Donnerstag, 28. März 2024

Villa im Museumsquartier: Schon mal vom „Hampden-House“ gehört?

Sensation! OR lüftet vergilbte Fundstelle

Mit einem eigenen Namensvorschlag für die Villa im Museumsquartier hat sich die OR-Redaktion immer bewusst zurückgehalten. Inzwischen ist mit großer Mehrheit die Ratsentscheidung gefallen, das Gebäude nicht nach dem vormaligen NS-Beamten Hans Calmeyer zu benennen und stattdessen zukünftig die Wendung „Die Villa_Forum Erinnerungskultur und Zeitgeschichte“ zu nutzen. Das auch von der OR-Redaktion ersehnte Votum schien uns viel zu wichtig, statt irritierte Zeitgenoss*innen mit der unten berichteten Meldung  restlos zu überfordern.
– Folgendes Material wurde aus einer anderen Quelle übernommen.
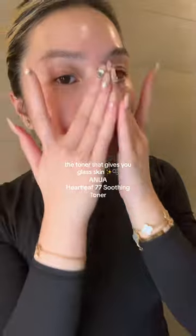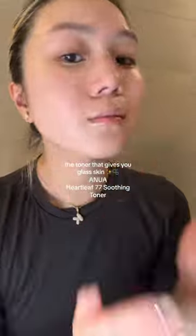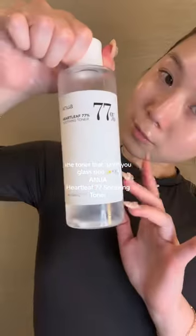Did you know it's not only a soothing toner, it also controls sebum in your skin, controlling blackheads and whiteheads. It's also a really gentle exfoliant — a chemical one. Sugarcane extract gets rid of your dead skin cells, getting your skin so glassy.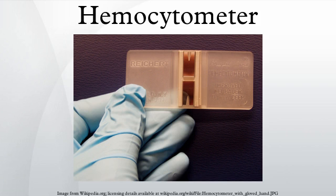The hemocytometer is a device used to count cells. It was originally designed for the counting of blood cells. The hemocytometer was invented by Louis Charles Molasses and consists of a thick glass microscope slide with a rectangular indentation that creates a chamber. This chamber is engraved with a laser-etched grid of perpendicular lines. The device is carefully crafted so that the area bounded by the lines is known, and the depth of the chamber is also known. It is therefore possible to count the number of cells or particles in a specific volume of fluid, and thereby calculate the concentration of cells in the fluid overall.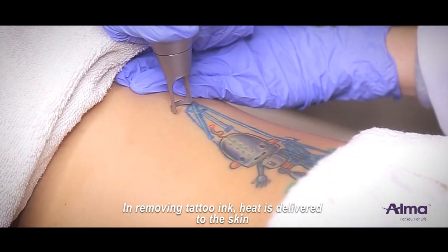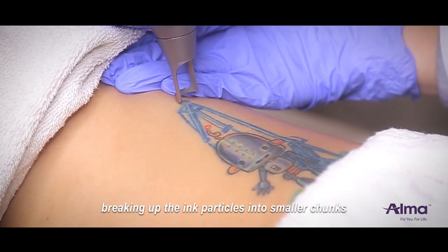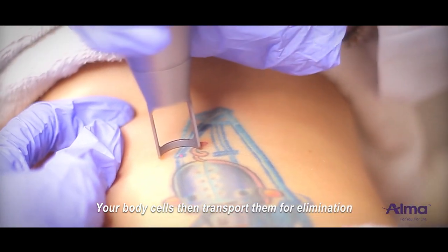In removing tattoo ink, heat is delivered into the skin, breaking up the ink particles into smaller chunks. Your body cells then transport them for elimination.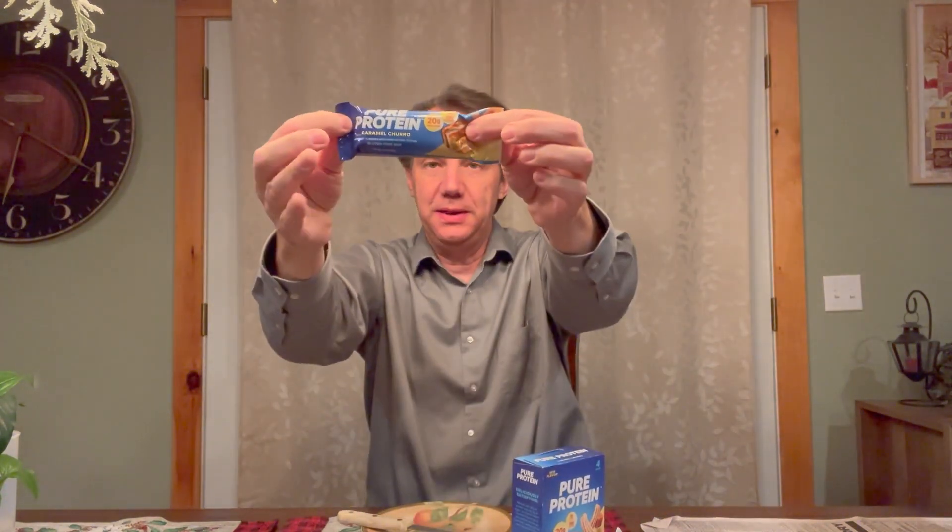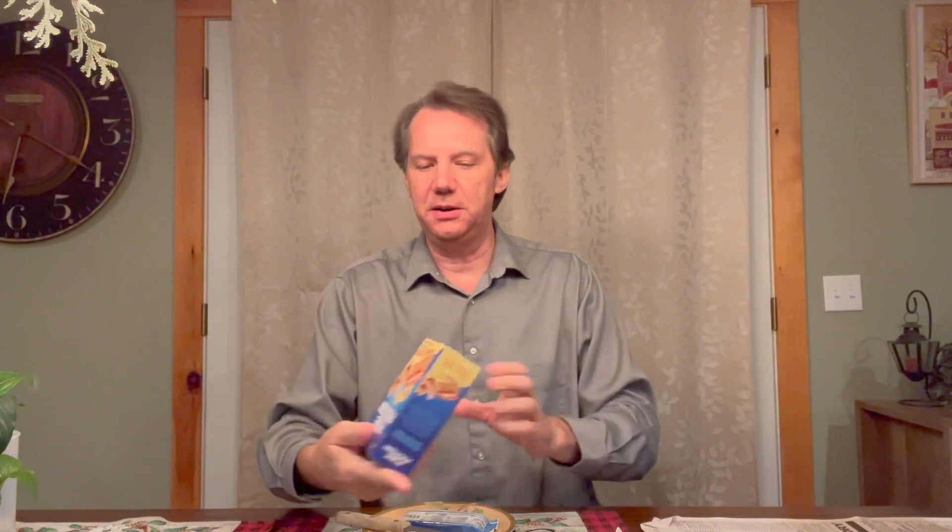This is from Pure Protein. We have the Caramel Churro flavor and we're gonna do a live taste test of it. The particulars of what's in the box — there's a whole mess of stuff I can't read, but only four bars because these things are getting more and more expensive.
Fund in vergilbter Zeitung

Jetzt rücken wir endlich damit heraus! Aus historischen Gründen hätten wir nämlich noch einen völlig anderen Namen ins Gespräch bringen können. Und zwar den des hochlöblichen britischen Adeligen Sir John Hampden. Wie bitte?

Neues Tageblatt, 10. April 1947

Blicken wir zurück: Die britische Militärregierung unter Gouverneur Geoffrey Day hatte die Villa nach Kriegsende als Standortkommandantur bezogen. Spätestens im April 1947 konnten es die britischen Befreier der Stadt aber nicht länger aushalten, dass die heimische Stadtbevölkerung unverändert vom „Braunen Haus“ sprach, wenn sie den britischen Verwaltungssitz meinte. Am Donnerstag, 10. April 1947, konnten die Lesenden des Neuen Tageblatts dann endlich studieren, was geschehen war. Überschrift: „Braunes Haus wurde ‚Hampden House’“. Originalton der Begründung: „Es wurde zur Erinnerung an einen großen Mann Großbritanniens, der einer der Vorkämpfer für demokratische Regierungsform und Redefreiheit war, umbenannt.“


Wer war John Hampden?

John Hampden (1594-1643) wurde wiederholt ins Unterhaus des englischen Parlaments gewählt. Im Jahre 1636 weigerte er sich, dem königlichen Steuereintreiber das „Schiffsgeld“ zu zahlen, weil diese Steuer vom Unterhaus nicht bestätigt worden war. Der darauffolgende Prozess vor dem obersten Gerichtshof führte zum Anwachsen der Opposition gegen den Absolutismus. 1640 trat Hampden im britischen Parlament an die Spitze der Opposition. Im Englischen Bürgerkrieg (1642–1649) wurde er in einer der Schlachten schwer verletzt und starb daran in der Folgezeit. Hampden zu Ehren wurde eine Stadt in Connecticut, USA, nach ihm benannt, ebenso wie das Hampden-Sydney College im US-Staat Virginia.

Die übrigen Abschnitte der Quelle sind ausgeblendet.